Germany, which was once a global pioneer of climate protection, has fallen behind. For more than 15 years, Angela Merkel, the outgoing Christian Democratic chancellor, has led by character and by example. To many people in the world, she has been the face of a friendly and reasonable, reliable and open-minded Germany.
However, by often trying to preserve what used to work well in the past, her governments have largely missed out on shaping the future — in terms of climate protection and beyond.
Many of our schools are in bad shape and digitalisation is significantly less advanced than it should be. In Germany, one of the richest countries in the world, more than one in five children grow up below the poverty line. In 2020, not a single new kilometre of railway track was put into operation.
Thus, when citizens go to the polls to elect a new Bundestag on September 26, they will decide on the fate of a country that stands in dire need of reform and renewal. As the Green candidate for chancellor, this is my offer: reform and renewal.
In its election programme, my party has put forward proposals to invest an additional €50bn a year in the digital and environmental transformation of our country. Indeed, compared with other industrialised economies, Germany’s public investment rate has been particularly low for years. With interest rates near zero, a failure to undertake such investment would leave future generations with a much heavier burden of poor infrastructure.
I believe that many of these investments should support the fight against the climate crisis in areas such as renewable energies, agriculture and mobility. We must make climate neutrality the new engine of prosperity.
To secure both good jobs and our competitiveness on the markets of the future, carbon neutrality will be essential. We will need to focus all our efforts on the socio-ecological transformation of our economy — in Germany, but also on a European level.
After all, tackling the climate crisis is a challenge we will only accomplish together, in close co-operation, and by helping developing countries as well as emerging economies leave or entirely jump the fossil fuel phase.
After years of political reservation and hesitation, the German government should therefore play a more active role again on the international scene, especially in Brussels. I want Germany to lead by example — and to extend an invitation to anyone who is willing to join the cause of a carbon-neutral world economy that strives towards global climate justice.

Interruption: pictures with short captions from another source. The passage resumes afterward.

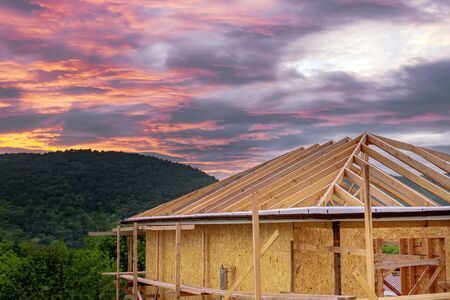 frame eco-friendly house on the background of mountains and forests at sunset.の写真素材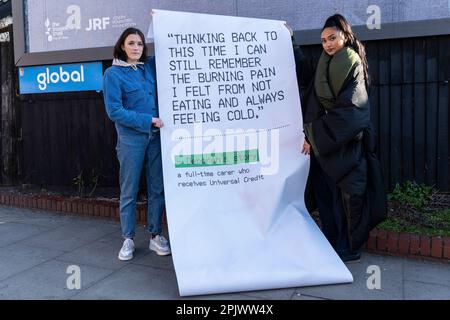 REDAKTIONELLER GEBRAUCH NUR die britische Schauspielerin Charlotte Ritchie (links) und die Sängerin/Songwriterin Joy Crookes besitzen einen riesigen Beleg, der von einer Plakatinstallation in der Nähe der U-Bahn-Station Finsbury Park in London gedruckt wurde und von der Trussell Trust und der Joseph Rowntree Foundation im Rahmen ihrer „IT doesn't Add Up Campaign“ in Auftrag gegeben wurde. Mit dem Ziel, Probleme nach der Einführung des neuen Universal Credit AMOUNT hervorzuheben. Foto: Dienstag, 4. April 2023. Stockfoto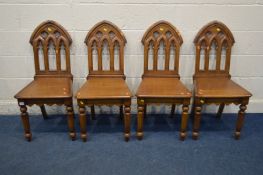 A SET OF FOUR REPRODUCTION OAK ECCLESIASTICAL CHAIRS, on octagonal front legs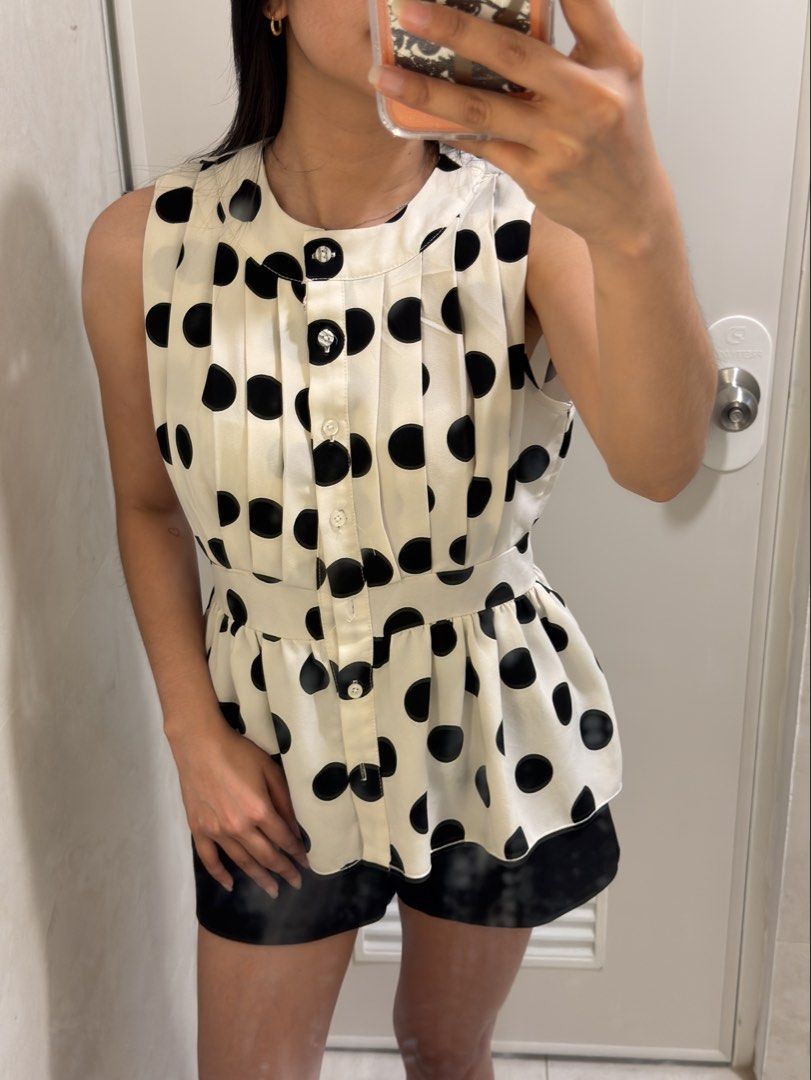 White Polka Dot Sleeveless Peplum Top (Category: Sleeveless) located in Makati City. Submitted by biotch (Listing ID 1459804929, Image 1). Description: can fit to xs to medium only flaw is its missing one button in the middle can do lalamove same day deliver or j&t asymmetrical Cotton on Nike new balance asics adidas Lululemon bershka skims sports leggings sportsbra H&M bershka corporate skirt skort zara pomelo thrift baggy jeans wide leg denim c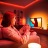 A woman gaming on her TV with an immersive entertainment lighting set-up glowing in red, orange and white smart light. 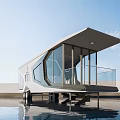 Modern Guesthouse Building With Glass Facade Sloped Roof Over Water Terrace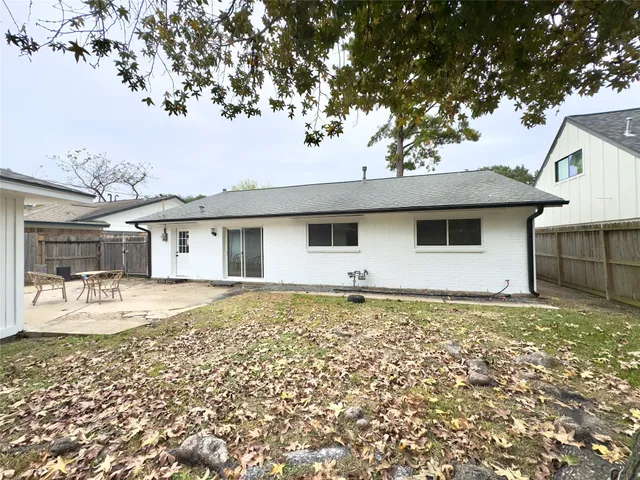 a view of backyard with green space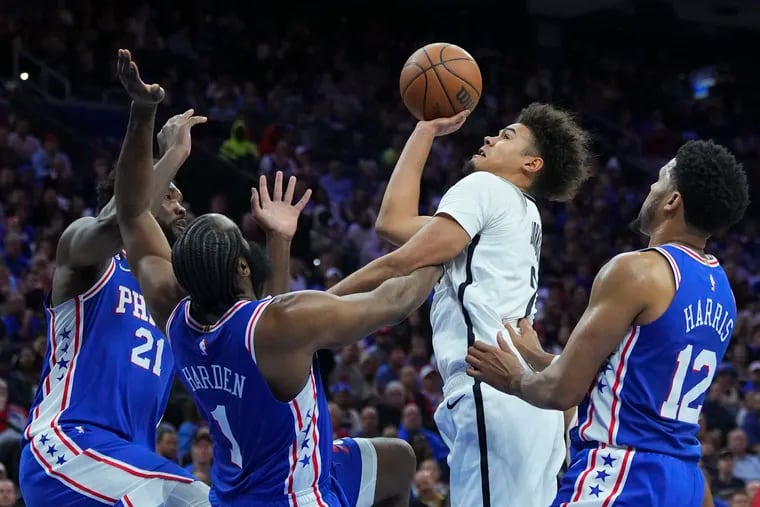 The Philadelphia 76ers' defense limited the Brooklyn Nets to 101 and 84 points in winning the first two games of a best-of-7 playoff series. The Nets are projected to score 102.5 points when the series shifts to Brooklyn for Game 3 on Thursday. (Photo by Mitchell Leff/Getty Images)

In this regard, as much as the British decision to leave (at least temporarily) our home that is the EU is to be regretted, I am convinced that any kind of closer international collaboration — including with the Biden-Harris administration in Washington — should ideally run in tandem with London. To give but one example, when I suggest creating a US-European working group at ministerial level to agree upon ambitious common goals for the upcoming COP26 summit in Glasgow, I would like to make it clear that the UK is more than cordially invited to join in. We have much to learn from one another.
What we need, in the end, is a new and shared understanding of how we produce and consume, of how we can live our lives in a way that no longer comes at the cost of ecological damage, economic exploitation or global injustice.
What we need is change. For in a world that is in a state of perpetual transformation, it is change — and only change — that offers stability.